Nous n’avons juste utilisé que les ampoules économiques mais la carte s’est épuisée en moins d’une semaine. Ce qui n’est pas normal.

Un abonné Snel

Un médecin habitant ce quartier dénonce le dysfonctionnement de ces compteurs. « Nous n’avons juste utilisé que les ampoules économiques mais la carte s’est épuisée en moins d’une semaine. Ce qui n’est pas normal », s’exclame-t-il. Au quartier GB, un consommateur pointe du doigt le mauvais état des câbles électriques. « Ma carte est toujours chargée, mais l’électricité n’arrive pas dans la parcelle, suite à l’état de délabrement de nos lignes », déclare-t-il, recommandant qu’il faut d’abord procéder au renouvellement des infrastructures de distribution avant d’amorcer ce genre de projet.

Visiblement, le projet bute à de nombreux obstacles, empêchant aux clients l’accès, en temps réel, aux informations sur la consommation d’électricité. C’est un des objectifs visés. Le système, en lui, seul ne suffit pas. Nombre de bénéficiaires reconnaissent, certes, les avantages de la régularité de la desserte, mais les difficultés, selon eux, se situent au niveau de la vétusté des réseaux de distribution. « Le système de carte prépayée nous pousse à un usage modéré du courant électrique. Plus de facturation forfaitaire, une certaine régularité dans la fourniture de l’énergie s’installe, peu à peu, sauf en cas de coupure généralisée, de panne de câble ou d’intervention dans la cabine », témoigne un journaliste résidant à la Cité verte.

Coût élevé des compteurs

Le grand désavantage du projet, reconnu par les experts, réside dans le coût excessif pour l’achat et le déploiement des compteurs. Bien que les fonds mis en jeu pour ce projet à Kinshasa restent encore un mythe, en Afrique du Sud, le manque de moyens demeure l’un des verrous. Seules, trois entreprises, City Power, Itron et EDISON Power Group, ont réussi à investir 150 millions de dollars, montant prévu pour quadriller la ville de Johannesbourg. L’objectif est de placer un compteur, par foyer, et par entreprise, d’ici à 2015.

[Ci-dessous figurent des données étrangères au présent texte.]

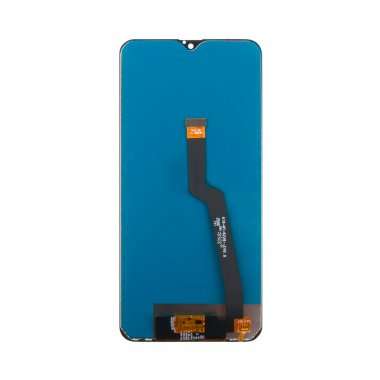 Дисплей с тачскрином для Samsung Galaxy M10 (M105F) (черный) LCD — 2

Le continent africain n’est électrifié qu’à 42%. Ce taux d’électrification est très disparate, selon les régions, 29% en Afrique subsaharienne. La RDC, bien que dotée des potentialités énergétiques énormes, peine à les exploiter. 9% de la population bénéficie d’une énergie électrique dont les infrastructures sont vieilles de plus de 50 ans. La Snel tente de sensibiliser la population sur l’importance de l’économie, de l’énergie électrique en vue d’augmenter la capacité.

Une campagne sans échos

C’est surtout lors de la Coupe du monde 2014, que les annonces de la Snel ont défilé sur l’écran de télévision publique. Les agents de cette société ont expliqué l’importance de l’économie de l’électricité. Cet appel à la modération dans la consommation de l’électricité n’a pas eu d’échos au sein de la population congolaise. Très peu des kinois se sont procurés des ampoules économiques, les estimant très couteux.

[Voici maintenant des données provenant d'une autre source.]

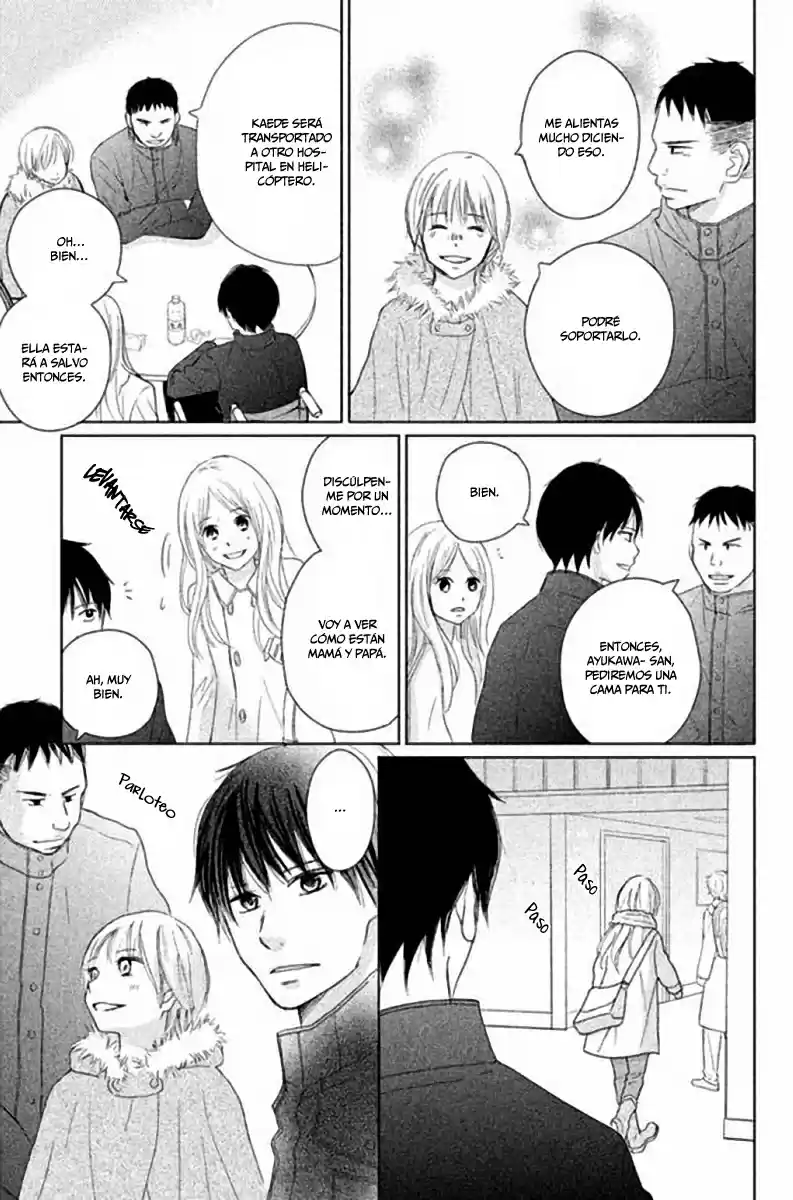 Perfect World - Capítulo 32 - Página 12 - LectorTMOo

En réalité, la ville éprouve un besoin d’au moins 800 mégawatts, tandis que la ligne actuelle est limitée à 420. Un expert de l’entreprise Pavie Holding, spécialisée en étude et réalisation en électricité, Chambangi, indique que les économies d’énergie électrique visent la récupération de près de 250 mégawatts sur l’ensemble des réseaux de distribution de Kinshasa.

A l’instar de l’Ouganda, l’Etat congolais devrait accorder des facilités auprès des importateurs ou des fabricants locaux des ampoules à faible consommation, voire procéder à l’interdiction des ampoules à forte consommation pour le remplacer gratuitement par celles de faible consommation.